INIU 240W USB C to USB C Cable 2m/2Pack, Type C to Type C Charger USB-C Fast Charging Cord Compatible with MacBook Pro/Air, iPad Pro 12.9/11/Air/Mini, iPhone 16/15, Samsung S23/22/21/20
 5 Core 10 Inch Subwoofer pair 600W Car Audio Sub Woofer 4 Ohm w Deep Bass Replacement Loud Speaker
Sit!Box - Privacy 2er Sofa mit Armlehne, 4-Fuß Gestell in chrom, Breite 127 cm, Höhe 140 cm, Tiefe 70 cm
•••••
EXERCISE DETAILS - At the line with "5 Core 10 Inch", begin reproducing the material above exactly, and continue through its last line.

EXPECTED OUTPUT -
 5 Core 10 Inch Subwoofer pair 600W Car Audio Sub Woofer 4 Ohm w Deep Bass Replacement Loud Speaker
Sit!Box - Privacy 2er Sofa mit Armlehne, 4-Fuß Gestell in chrom, Breite 127 cm, Höhe 140 cm, Tiefe 70 cm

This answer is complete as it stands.